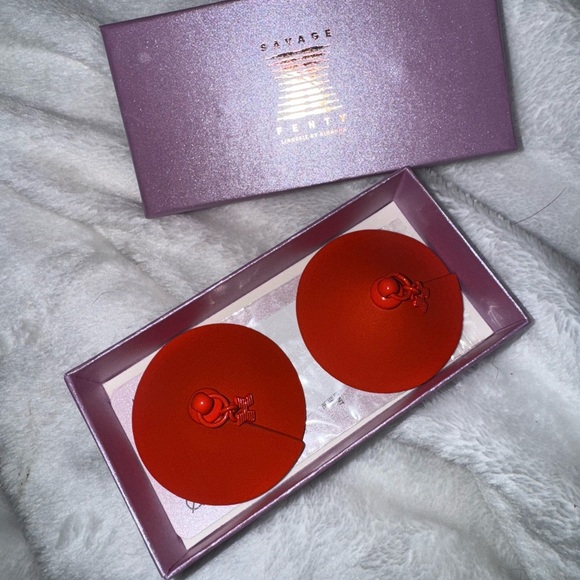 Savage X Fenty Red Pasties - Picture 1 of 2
---
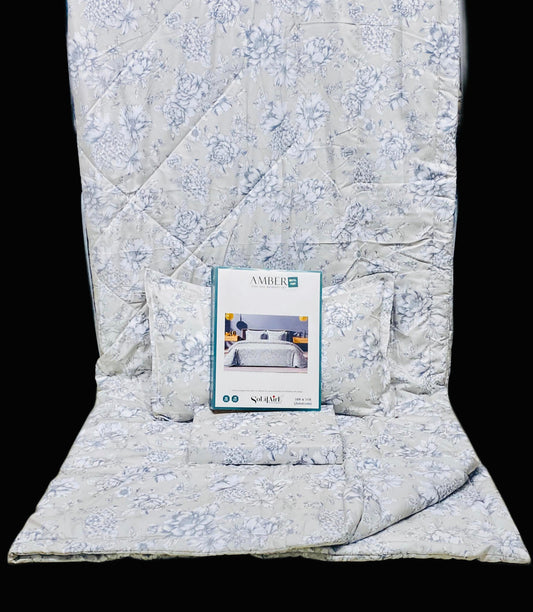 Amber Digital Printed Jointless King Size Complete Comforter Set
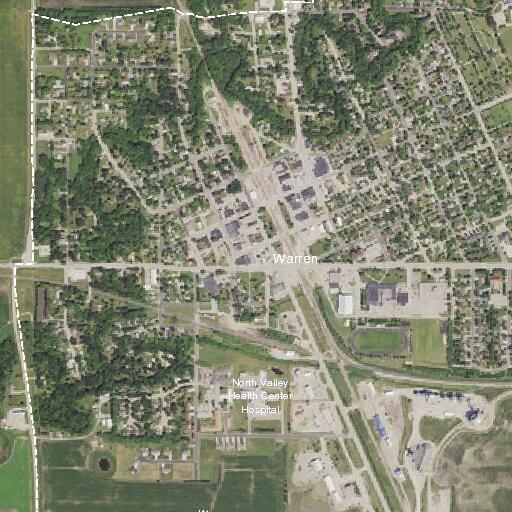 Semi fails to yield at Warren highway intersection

GOAL OF THE EXERCISE:
Above are the records; copy from them only the lines starting at the one containing "Amber Digital Printed" and ending at the one containing "Semi fails to", exactly and without pictures.

EXERCISE RESPONSE:
 Amber Digital Printed Jointless King Size Complete Comforter Set
 Semi fails to yield at Warren highway intersection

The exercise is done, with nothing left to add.